■ WHAT THE EXERCISE ASKS:
Copy exactly, and copy only, the lines from the one bearing "Sunday Schwarzbachtal Hideaway Resort" through the final line of the records.

** Opening RECORD EXCERPTS block **

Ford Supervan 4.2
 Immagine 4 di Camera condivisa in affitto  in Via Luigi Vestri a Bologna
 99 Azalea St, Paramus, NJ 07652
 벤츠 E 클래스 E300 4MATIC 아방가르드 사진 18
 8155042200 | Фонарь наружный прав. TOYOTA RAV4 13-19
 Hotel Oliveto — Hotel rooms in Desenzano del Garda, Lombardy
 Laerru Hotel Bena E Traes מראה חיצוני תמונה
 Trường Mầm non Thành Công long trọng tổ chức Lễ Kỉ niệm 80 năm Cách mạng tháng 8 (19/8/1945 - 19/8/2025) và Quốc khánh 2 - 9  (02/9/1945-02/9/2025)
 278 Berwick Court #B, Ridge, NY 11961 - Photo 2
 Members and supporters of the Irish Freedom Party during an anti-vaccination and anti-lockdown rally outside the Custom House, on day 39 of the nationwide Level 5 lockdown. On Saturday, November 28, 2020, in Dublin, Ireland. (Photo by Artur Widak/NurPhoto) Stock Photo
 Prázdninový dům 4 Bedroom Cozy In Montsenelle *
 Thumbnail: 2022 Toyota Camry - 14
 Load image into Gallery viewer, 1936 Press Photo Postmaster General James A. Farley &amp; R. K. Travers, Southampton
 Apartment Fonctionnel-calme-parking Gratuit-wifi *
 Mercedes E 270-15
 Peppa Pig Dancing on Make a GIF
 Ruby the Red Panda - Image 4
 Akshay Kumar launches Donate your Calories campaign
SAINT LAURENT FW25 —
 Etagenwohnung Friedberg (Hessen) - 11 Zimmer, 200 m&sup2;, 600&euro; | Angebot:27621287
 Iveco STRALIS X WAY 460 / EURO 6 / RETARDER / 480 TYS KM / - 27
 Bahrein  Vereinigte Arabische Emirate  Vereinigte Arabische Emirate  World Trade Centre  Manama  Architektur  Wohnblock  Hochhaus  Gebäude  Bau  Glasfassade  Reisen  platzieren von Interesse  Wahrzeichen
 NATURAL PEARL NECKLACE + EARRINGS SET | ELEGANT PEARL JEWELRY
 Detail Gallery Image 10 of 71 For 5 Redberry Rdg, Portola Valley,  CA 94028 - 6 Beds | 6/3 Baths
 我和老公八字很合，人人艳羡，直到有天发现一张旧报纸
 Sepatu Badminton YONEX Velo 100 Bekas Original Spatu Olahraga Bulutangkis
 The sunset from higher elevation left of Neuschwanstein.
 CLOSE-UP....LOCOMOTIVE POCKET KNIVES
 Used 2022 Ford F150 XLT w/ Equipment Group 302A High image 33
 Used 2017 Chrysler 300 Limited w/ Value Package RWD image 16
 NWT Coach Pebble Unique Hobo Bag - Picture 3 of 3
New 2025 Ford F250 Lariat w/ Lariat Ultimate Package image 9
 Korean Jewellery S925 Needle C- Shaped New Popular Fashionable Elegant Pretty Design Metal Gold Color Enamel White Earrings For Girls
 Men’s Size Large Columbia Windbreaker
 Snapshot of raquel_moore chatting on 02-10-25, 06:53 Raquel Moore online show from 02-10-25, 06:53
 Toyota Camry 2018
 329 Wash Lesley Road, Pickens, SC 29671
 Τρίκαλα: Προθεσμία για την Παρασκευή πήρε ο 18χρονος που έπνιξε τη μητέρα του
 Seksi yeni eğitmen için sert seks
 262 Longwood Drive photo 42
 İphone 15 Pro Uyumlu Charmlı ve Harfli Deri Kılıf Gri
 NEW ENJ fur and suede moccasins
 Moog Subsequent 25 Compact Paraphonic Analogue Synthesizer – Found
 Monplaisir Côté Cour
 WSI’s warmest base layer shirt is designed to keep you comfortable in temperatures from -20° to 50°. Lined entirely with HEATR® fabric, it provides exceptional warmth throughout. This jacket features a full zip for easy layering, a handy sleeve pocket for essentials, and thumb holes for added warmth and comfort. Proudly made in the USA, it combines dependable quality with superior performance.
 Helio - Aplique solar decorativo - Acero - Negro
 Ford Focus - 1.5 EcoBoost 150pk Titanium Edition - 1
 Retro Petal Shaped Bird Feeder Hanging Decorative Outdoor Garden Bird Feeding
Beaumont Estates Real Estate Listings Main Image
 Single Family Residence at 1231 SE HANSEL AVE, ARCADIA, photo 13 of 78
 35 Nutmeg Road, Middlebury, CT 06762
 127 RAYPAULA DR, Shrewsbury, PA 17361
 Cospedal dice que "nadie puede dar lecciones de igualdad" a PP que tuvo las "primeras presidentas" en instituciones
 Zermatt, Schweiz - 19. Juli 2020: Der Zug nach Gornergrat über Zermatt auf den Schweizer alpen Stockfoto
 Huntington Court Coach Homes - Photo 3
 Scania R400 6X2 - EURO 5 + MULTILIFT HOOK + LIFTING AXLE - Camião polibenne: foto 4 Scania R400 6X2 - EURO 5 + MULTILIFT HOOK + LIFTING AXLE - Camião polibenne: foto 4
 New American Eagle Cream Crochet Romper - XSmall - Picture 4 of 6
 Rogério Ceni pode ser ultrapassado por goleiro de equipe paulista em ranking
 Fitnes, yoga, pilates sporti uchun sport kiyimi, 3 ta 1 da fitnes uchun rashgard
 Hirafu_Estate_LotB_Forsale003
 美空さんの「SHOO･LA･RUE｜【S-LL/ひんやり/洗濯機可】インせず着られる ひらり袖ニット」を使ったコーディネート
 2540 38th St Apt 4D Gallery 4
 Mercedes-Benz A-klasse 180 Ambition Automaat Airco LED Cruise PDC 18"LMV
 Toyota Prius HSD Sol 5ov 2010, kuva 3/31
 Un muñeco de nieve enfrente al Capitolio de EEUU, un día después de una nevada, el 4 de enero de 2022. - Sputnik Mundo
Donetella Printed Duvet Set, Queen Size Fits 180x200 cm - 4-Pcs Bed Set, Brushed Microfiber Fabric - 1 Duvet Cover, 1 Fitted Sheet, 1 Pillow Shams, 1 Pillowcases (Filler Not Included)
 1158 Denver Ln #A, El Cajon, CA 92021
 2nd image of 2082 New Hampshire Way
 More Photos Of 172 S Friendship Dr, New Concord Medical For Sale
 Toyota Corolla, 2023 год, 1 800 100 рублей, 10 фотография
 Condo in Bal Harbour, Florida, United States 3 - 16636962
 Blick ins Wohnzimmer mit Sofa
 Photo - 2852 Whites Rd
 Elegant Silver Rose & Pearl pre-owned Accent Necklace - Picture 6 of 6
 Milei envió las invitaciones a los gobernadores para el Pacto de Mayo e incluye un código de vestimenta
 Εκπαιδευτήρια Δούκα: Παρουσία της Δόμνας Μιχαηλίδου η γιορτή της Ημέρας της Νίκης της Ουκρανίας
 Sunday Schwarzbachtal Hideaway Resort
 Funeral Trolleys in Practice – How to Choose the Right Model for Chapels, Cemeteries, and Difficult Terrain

** Closing RECORD EXCERPTS block **

■ YOUR SOLUTION:
 Sunday Schwarzbachtal Hideaway Resort
 Funeral Trolleys in Practice – How to Choose the Right Model for Chapels, Cemeteries, and Difficult Terrain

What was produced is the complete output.